The following morning I found myself bouncing across the
desert in a battered four-wheel drive pickup with the remaining
two members of Team Rocket Car (my tongue is firmly in cheek when
I use THAT term), Sam and Beck. Beck and I were almost as close
as Jimmy and I when we were kids, but Beck had a "wild streak"
that caused most of the trouble we got into from time to time.
During high school his "wild streak" got out of control, Beck
turned into "one of those dope-smoking degenerates" (Mom's
preferred term) and he dropped out a year shy of graduation.
Sal was Beck's junior brother, junior not only by calendar-count
but by any sort of I.Q. measurement.
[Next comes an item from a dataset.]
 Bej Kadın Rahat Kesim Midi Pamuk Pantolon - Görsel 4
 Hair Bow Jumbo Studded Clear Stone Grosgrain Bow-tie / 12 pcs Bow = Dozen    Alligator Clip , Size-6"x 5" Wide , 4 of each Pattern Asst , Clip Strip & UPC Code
Sal wasn't retarded or
anything, but people tended to use phrases like "not too swift"
and "a few bricks short of a load", a lot more often than usual
when he was around. Just like "dope smoking degenerate" tended to
pop up in conversations that involved Beck.
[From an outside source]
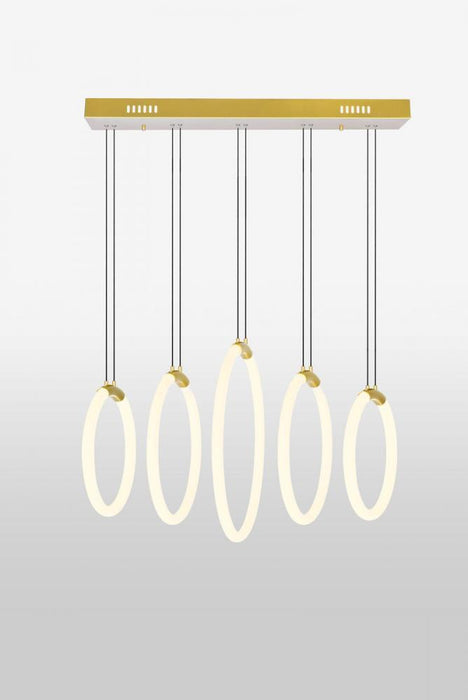 CWI Lighting Hoops 5 Light LED Chandelier With Satin Gold Finish Model: 1273P23-5-602-RC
Okay, so they weren't exactly Nobel Prize laureates, but I
didn't have much choice in my selection of assistants. I needed
their truck.

The truck actually belonged to Beck's father, who used it
in the performance of his job. Whatever THAT was. Nobody knew for
sure what Beck's Dad did for a living but the truck was ugly and
battered, sat on huge mud-grabber tires, and came with a massive
454 engine. Beck's father would drive the thing out of town
occasionally, sometimes staying gone for days at a time. When he
returned, the truck always looked as if it had spent
the entire time driving around in the desert. If Beck knew what
his father did for a living, he never said. But Jimmy and I
figured the man used his pickup for transporting something (ahem)
back and forth from remote desert locations. Contraband
vegetation arriving at an isolated airstrip was
one possibility, and people desperate to become American citizens
without a lot of government interference was another. The only
relevant fact is that the truck was very good for cruising the
desert, which is why we used it to visit an abandoned silver mine
a few miles from town that morning. The mine had been out of
commission and the entrance boarded over for as long as any of us
could remember, but at least a few brave kids had explored the
interior of the shaft. Everyone knew there was nothing of value
left in the mine, with the exception of some ancient equipment
that was worthless, even as scrap. Worthless to most people,
anyway. That's because very few people went into the mine LOOKING
for old mining equipment.

We did. And we found some, too.

Actually, Beck himself was one of the juvenile delinquents
who'd poked around in the mine years earlier, so he knew just
what to expect when we pried off the old wooden planks covering
the entrance. Less than a dozen feet into the shaft was a train
of ancient bucket-cars, the tiny railcars used to haul ore out of
the mine while it was in use. Probably parked so close to the
entrance to discourage people from going any further. I wasn't
too thrilled about entering a man-made tunnel that could cave in
at any moment, but I could see from my flashlight beam that the
"train" only consisted of three bucket-cars linked together. And
despite the fact that they'd probably been parked for forty years
or more, they seemed to be in reasonably good condition. Shit
lasts forever in the desert, it really does. Beck dragged a
towchain into the mine, looped it around the hitch on the last
car, then used the pickup to drag the whole line of cars
closer to the entrance. When the cars were nearly clear of the
overhang, I went inside and used a five-pound pony-sledge to bash
the connection on the last car until it came free. When Beck
threw the pickup into gear and dragged the first two cars clear
of the mine, and the metal wheels screeched so loud I thought it
would bring the shaft down on my head. Of course the wheels were
frozen with rust, but they were far from destroyed. The
first thing we did when we got the bucket cars into the light of
day was turn them upside-down, then slop grease onto the axles.
After a few well-placed whacks with the sledge, we got the wheels
to turn. A few more whacks, and we had them turning freely enough
to push the bucket-cars up a ramp and into the back of the
pickup. Once the bucket cars were loaded, we replaced the boards
over the mine entrance, then took the cars back to
the scrapyard.

The Rocket Car was off to a fine start.